> DATA PROVIDED:
======

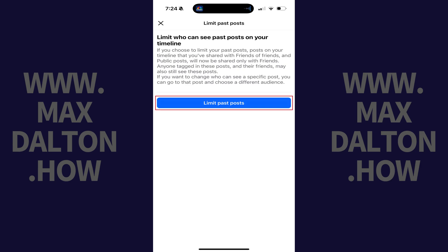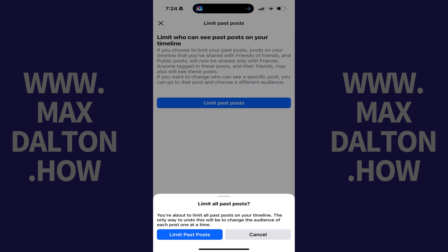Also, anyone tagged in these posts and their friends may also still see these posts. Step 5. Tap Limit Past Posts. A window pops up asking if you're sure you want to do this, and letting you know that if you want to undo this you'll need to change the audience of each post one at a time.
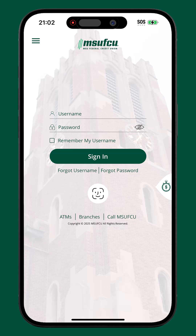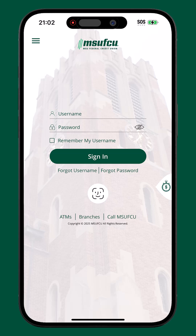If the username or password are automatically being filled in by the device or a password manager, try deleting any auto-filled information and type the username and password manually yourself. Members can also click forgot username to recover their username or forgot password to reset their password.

======

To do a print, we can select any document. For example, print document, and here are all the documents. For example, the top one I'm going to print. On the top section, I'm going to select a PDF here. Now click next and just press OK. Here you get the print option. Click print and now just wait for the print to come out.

======

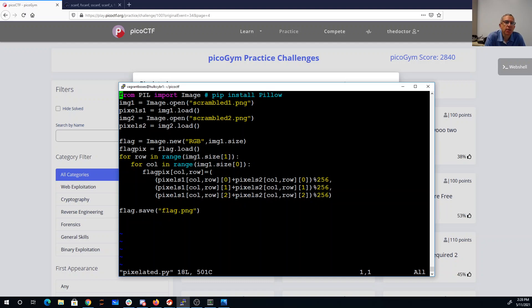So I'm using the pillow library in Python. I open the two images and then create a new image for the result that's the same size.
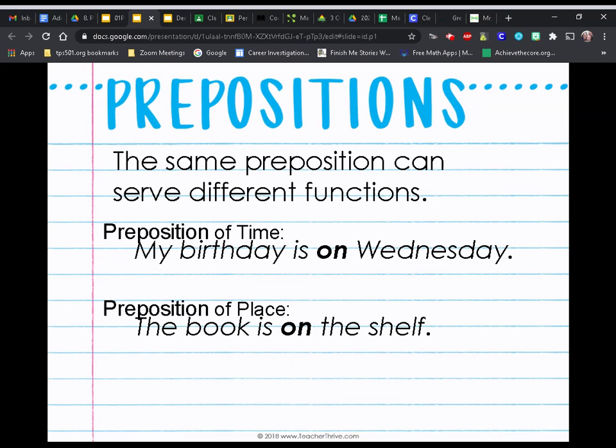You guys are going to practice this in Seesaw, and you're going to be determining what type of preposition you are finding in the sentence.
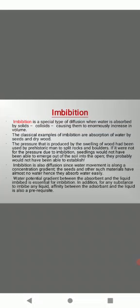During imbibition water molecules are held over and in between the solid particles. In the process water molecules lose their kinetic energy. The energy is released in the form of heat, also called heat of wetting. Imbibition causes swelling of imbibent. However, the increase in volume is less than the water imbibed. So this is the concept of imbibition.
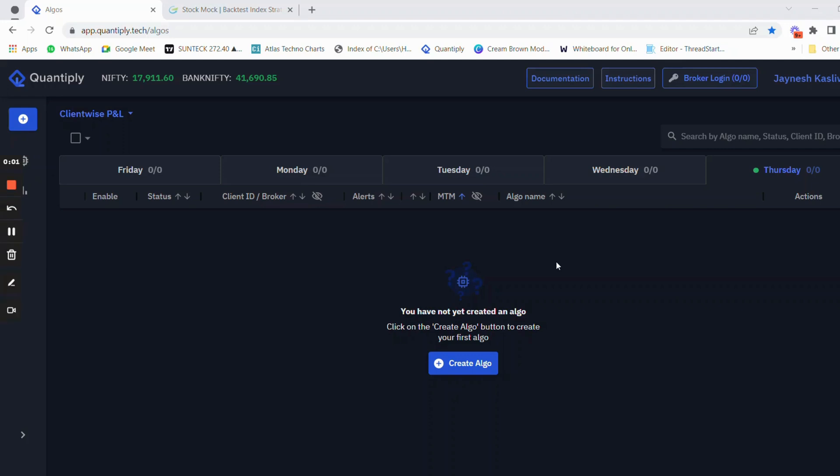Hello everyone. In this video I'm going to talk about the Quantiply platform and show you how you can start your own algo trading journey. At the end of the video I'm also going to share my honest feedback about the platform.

======

> ASSIGNED TASK: What is needed is an exact copy of the lines above from the one with "Also, anyone tagged" to the one with "If the username", both ends kept, and nothing more; please leave the pictures out.

> RESULT FOR THIS EXERCISE:
Also, anyone tagged in these posts and their friends may also still see these posts. Step 5. Tap Limit Past Posts. A window pops up asking if you're sure you want to do this, and letting you know that if you want to undo this you'll need to change the audience of each post one at a time.
If the username or password are automatically being filled in by the device or a password manager, try deleting any auto-filled information and type the username and password manually yourself. Members can also click forgot username to recover their username or forgot password to reset their password.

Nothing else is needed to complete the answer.